* **WORK INSTRUCTION**
The answer must be the full listing, reproduced word for word.

* **RECORDS FOR THIS EXERCISE**
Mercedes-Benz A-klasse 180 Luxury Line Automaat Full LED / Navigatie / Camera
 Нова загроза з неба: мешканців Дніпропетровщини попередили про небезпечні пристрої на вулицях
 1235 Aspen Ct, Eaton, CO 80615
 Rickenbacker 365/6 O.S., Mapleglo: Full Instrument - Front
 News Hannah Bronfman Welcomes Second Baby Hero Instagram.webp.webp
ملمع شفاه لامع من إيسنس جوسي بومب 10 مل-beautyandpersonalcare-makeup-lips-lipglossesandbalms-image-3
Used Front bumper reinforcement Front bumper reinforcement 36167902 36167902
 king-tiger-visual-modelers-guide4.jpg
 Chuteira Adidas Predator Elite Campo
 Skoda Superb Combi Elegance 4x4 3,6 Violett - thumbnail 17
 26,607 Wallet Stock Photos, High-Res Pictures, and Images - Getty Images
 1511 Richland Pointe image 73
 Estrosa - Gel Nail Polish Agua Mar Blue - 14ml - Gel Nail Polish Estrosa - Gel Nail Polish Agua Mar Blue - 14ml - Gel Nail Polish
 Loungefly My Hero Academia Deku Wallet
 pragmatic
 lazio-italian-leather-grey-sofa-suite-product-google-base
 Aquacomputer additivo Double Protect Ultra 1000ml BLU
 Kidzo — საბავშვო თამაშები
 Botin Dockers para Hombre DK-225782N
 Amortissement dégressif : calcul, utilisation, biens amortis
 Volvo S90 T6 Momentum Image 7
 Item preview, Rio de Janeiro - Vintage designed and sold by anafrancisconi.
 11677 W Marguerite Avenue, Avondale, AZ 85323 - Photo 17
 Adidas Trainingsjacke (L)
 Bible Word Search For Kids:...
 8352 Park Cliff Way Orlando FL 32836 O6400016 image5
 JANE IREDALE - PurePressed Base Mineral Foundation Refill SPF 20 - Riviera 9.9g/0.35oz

* **COMPLETED TASK**
Mercedes-Benz A-klasse 180 Luxury Line Automaat Full LED / Navigatie / Camera
 Нова загроза з неба: мешканців Дніпропетровщини попередили про небезпечні пристрої на вулицях
 1235 Aspen Ct, Eaton, CO 80615
 Rickenbacker 365/6 O.S., Mapleglo: Full Instrument - Front
 News Hannah Bronfman Welcomes Second Baby Hero Instagram.webp.webp
ملمع شفاه لامع من إيسنس جوسي بومب 10 مل-beautyandpersonalcare-makeup-lips-lipglossesandbalms-image-3
Used Front bumper reinforcement Front bumper reinforcement 36167902 36167902
 king-tiger-visual-modelers-guide4.jpg
 Chuteira Adidas Predator Elite Campo
 Skoda Superb Combi Elegance 4x4 3,6 Violett - thumbnail 17
 26,607 Wallet Stock Photos, High-Res Pictures, and Images - Getty Images
 1511 Richland Pointe image 73
 Estrosa - Gel Nail Polish Agua Mar Blue - 14ml - Gel Nail Polish Estrosa - Gel Nail Polish Agua Mar Blue - 14ml - Gel Nail Polish
 Loungefly My Hero Academia Deku Wallet
 pragmatic
 lazio-italian-leather-grey-sofa-suite-product-google-base
 Aquacomputer additivo Double Protect Ultra 1000ml BLU
 Kidzo — საბავშვო თამაშები
 Botin Dockers para Hombre DK-225782N
 Amortissement dégressif : calcul, utilisation, biens amortis
 Volvo S90 T6 Momentum Image 7
 Item preview, Rio de Janeiro - Vintage designed and sold by anafrancisconi.
 11677 W Marguerite Avenue, Avondale, AZ 85323 - Photo 17
 Adidas Trainingsjacke (L)
 Bible Word Search For Kids:...
 8352 Park Cliff Way Orlando FL 32836 O6400016 image5
 JANE IREDALE - PurePressed Base Mineral Foundation Refill SPF 20 - Riviera 9.9g/0.35oz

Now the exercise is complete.